Lorsque l'alerte a retenti, à 5 h 45, au centre de la voirie de la Ville de Genève, aux Vernets, les chaussées étaient déjà blanches. Les premiers chasse-neige sont partis vers 6 h 15, suivis de vingt-cinq «pony», équipés de lames et de saleuses. En priorité, ils devaient saler les deux zones géographiques d'altitude de la ville, où la neige est la plus persistante: les crêts de Champel et les crêts du Petit-Saconnex. Au même moment les équipes de la voirie cantonale épandaient du sel sur l'autoroute de contournement, tandis que les autres communes envoyaient leurs propres camions.

Une opération de routine. Sauf que, rapidement, la circulation dense a ralenti les opérations de déneigement. Frontaliers, pendulaires et Genevois se sont agglutinés sur des chaussées enneigées, prudents au volant, roulant au ralenti, se faisant parfois quelques frayeurs en dérapant dans un virage, sur une pente ou au freinage. Et puis, dans des glissades malheureuses, plus d'une trentaine de véhicules sans pneus neige sont partis dans des tête-à-queue, provoquant des accidents sans gravité et, effet boule de neige de circonstance, des embouteillages. «Du coup, raconte Boris Woelflé, chef du Service de levée et de nettoyage à la Ville de Genève, nos camions ont été bloqués sur les axes qu'ils venaient dégager.»

Retards en cascade

Devant ce paysage nordique, beaucoup de Genevois ont préféré laisser leur voiture, et opter pour le bus ou le tramway. Mais, là aussi, le réseau des Transports publics genevois (TPG) s'est retrouvé paralysé dans les bouchons. «Dès 7 heures, nos véhicules ont circulé avec plus de 25 minutes de retard», explique le porte-parole des TPG, Xavier Farinelli. Des retards qui étaient encore plus importants sur les lignes de campagne. «Nos bus sont équipés de pneus neige, le problème c'est que la voirie n'a pas pu déneiger les routes à temps.»

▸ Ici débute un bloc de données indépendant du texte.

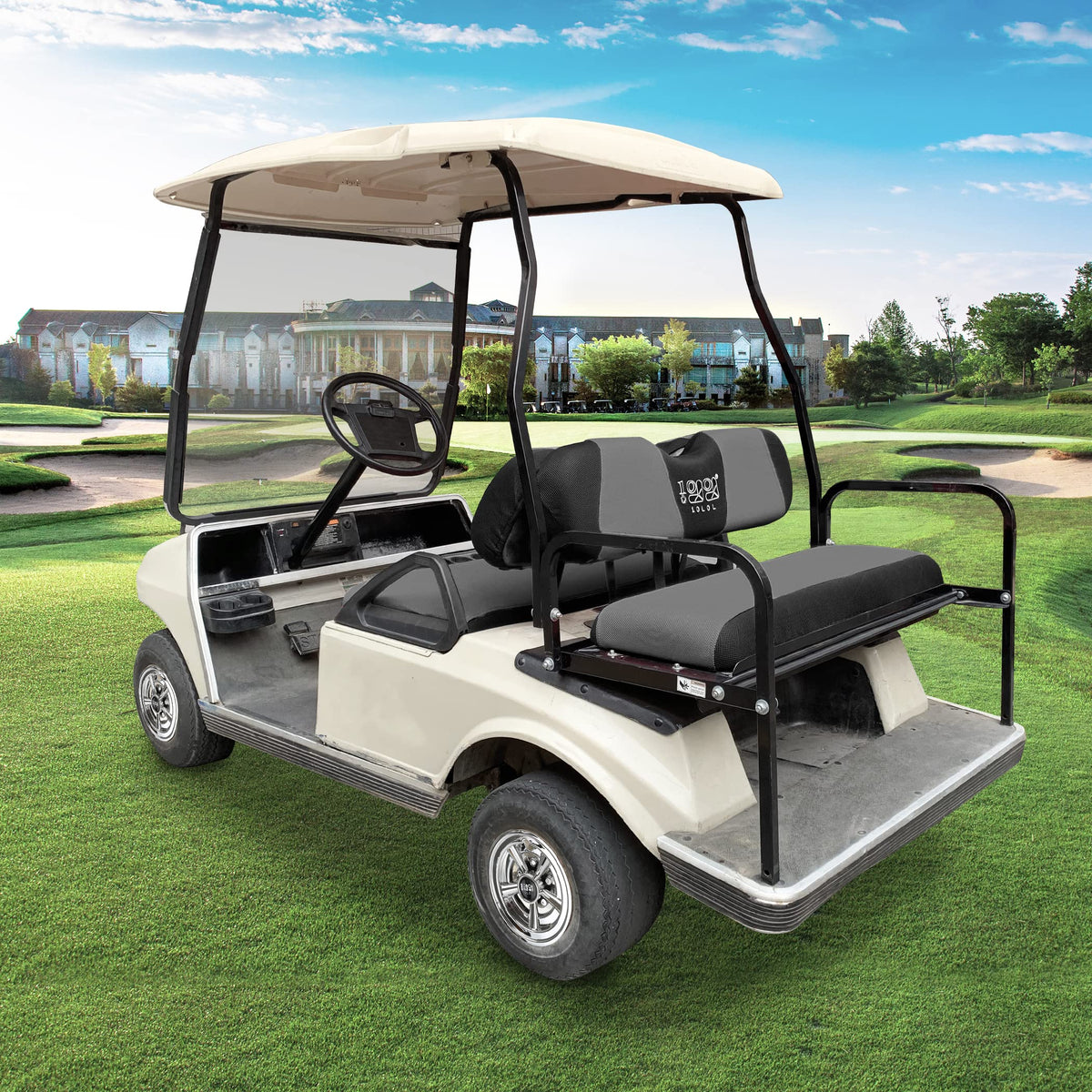 10L0L golf cart seat cover fabric close-up highlights breathable air mesh for comfort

Même l'aéroport de Genève a dû interrompre son trafic aérien, de 10 heures à midi, afin de permettre aux sept camions équipés de dégager la piste et le tarmac. Trente-quatre vols ont été retardés au départ, trente et un à l'arrivé. «Certains ont même été détournés sur des aéroports voisins», indique Philippe Roy, porte-parole de l'aéroport.

Devant le chaos provoqué par sept petits centimètres de neige, on peut se demander si Genève est paré à ces conditions climatiques prévisibles. A La Chaux-de-Fonds, les habitants rient encore d'une anecdote qui s'est déroulée durant l'hiver 1985. Un jour, les chutes de neige étaient si abondantes que Genève a loué à la cité horlogère du matériel pour dégager ses routes. Situation cocasse car les chasse-neige envoyés par La Chaux-de-Fonds avaient été vendus deux ans auparavant par Genève qui estimait ne plus en avoir besoin.

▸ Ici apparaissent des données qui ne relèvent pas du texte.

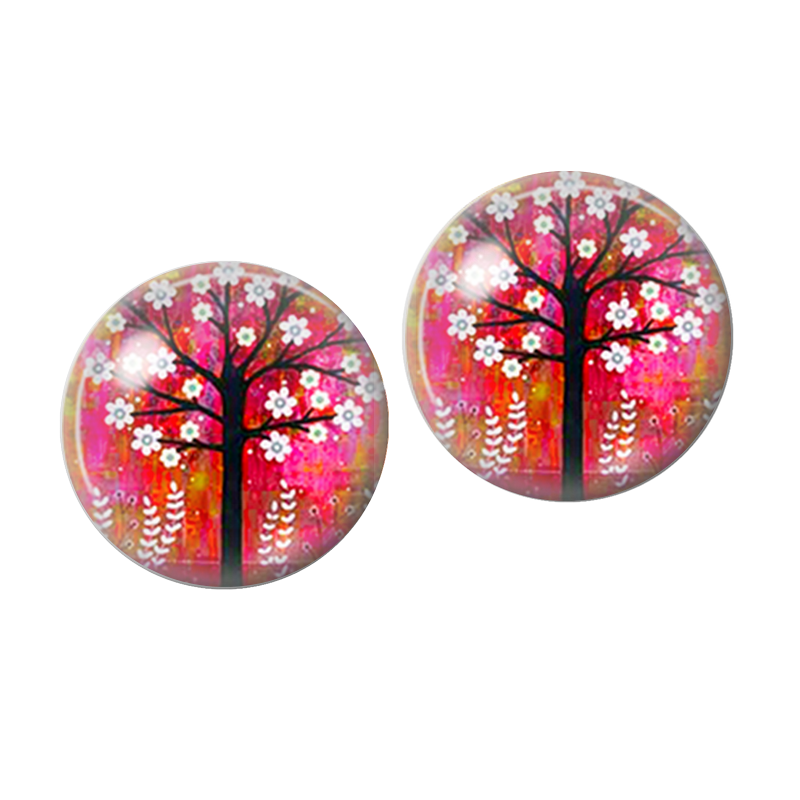 2 Cabochons en Verre Illustré Arbre Rouge Fleuri 10mm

«Nos opérations de déneigement se sont nettement améliorées depuis», assure Boris Woelflé. «Même si, poursuit-il, en raison des faibles chutes, nous risquons de perdre l'habitude d'utiliser le matériel.» C'est ainsi, il y a quelques années, qu'un employé de la voirie, en conduisant une fraiseuse, a propulsé la neige dans un appartement dont les fenêtres étaient ouvertes.

80 tonnes de sel répandues

Selon Boris Woelflé, le déneigement s'est bien déroulé, hier. «Le problème est que nos véhicules ont été bloqués dans des embouteillages, car dans plus de 80% des cas, nous intervenons durant la nuit.» Chaque année, le canton et les communes genevoises révisent leur plan d'intervention pour le déneigement. Les chaussées ne sont plus traitées de façon préventive, par souci de protection de l'environnement. Du 15 novembre au 15 mars, des équipes de piquet sont prêtes à intervenir à tout moment. «Mais c'est vrai, admet Boris Woelflé, que s'il tombait plus de 20 centimètres d'un coup, nous aurions de grandes difficultés.»

Lundi, le Service de la voirie de la Ville de Genève a répandu près de 80 tonnes de sel sur les 220 km de routes de son réseau. Elle en a encore 220 tonnes en réserve. Les prévisions climatiques annoncent de la neige en plaine pour les prochains jours.